> But you're still not authenticating the server. For that you'll need:
> smtp_tls_security_level=secure so that the client verifies the server
> hostname also and
> refuses to proceed when authentication fails.
A simpler alternative for my case may be
-o smtp_tls_CAfile=/etc/ssl/mail/DDDD_CA.crt
-o smtp_tls_cert_file=/etc/ssl/mail/relay-remote.crt
+ -o smtp_tls_fingerprint_cert_match=$var_FP01
-o smtp_tls_key_file=/etc/ssl/mail/relay-remote.key
- -o smtp_tls_policy_maps=lmdb:/etc/postfix/tls_policy
- -o smtp_tls_security_level=secure
+ -o smtp_tls_security_level=fingerprint
-o tls_append_default_CA=no
which returns in log
Jun 9 19:27:30 remote016 postfix/relay-remote/smtp[25329]: Verified
TLS connection established to internal.local010.DDDD.com[10.128.1.10]:11587:
TLSv1.2 with cipher ECDHE-RSA-AES256-GCM-SHA384 (256/256 bits)

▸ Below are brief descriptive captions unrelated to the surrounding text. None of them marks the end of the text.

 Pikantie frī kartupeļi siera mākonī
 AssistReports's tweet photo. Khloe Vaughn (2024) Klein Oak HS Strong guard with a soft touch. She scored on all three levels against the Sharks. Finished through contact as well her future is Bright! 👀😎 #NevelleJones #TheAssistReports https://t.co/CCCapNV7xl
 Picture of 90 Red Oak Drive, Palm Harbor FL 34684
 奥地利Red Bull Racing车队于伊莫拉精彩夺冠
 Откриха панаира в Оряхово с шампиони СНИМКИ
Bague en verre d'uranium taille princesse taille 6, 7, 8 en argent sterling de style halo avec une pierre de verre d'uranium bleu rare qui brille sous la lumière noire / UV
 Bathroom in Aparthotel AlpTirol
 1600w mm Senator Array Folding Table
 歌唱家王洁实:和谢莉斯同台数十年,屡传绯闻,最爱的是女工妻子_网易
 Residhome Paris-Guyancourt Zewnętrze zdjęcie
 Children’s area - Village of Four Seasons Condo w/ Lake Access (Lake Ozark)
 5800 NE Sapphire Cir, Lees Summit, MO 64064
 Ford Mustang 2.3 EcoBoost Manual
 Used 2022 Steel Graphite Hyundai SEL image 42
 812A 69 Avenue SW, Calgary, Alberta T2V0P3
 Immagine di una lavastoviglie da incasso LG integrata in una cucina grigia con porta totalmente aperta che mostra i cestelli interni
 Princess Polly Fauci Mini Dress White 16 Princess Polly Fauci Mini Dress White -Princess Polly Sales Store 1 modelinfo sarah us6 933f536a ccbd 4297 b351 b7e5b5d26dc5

with a Verified TLS connection
Is 'Verified' here equivalent to your 'authenication' advice?
In this fingerprint mode, if the FP is un-matcched, the send is deferred. Does
that deferral constitute sufficient 'refusal to proceed'?
I assume alternative action can be specified in some relevant parameter.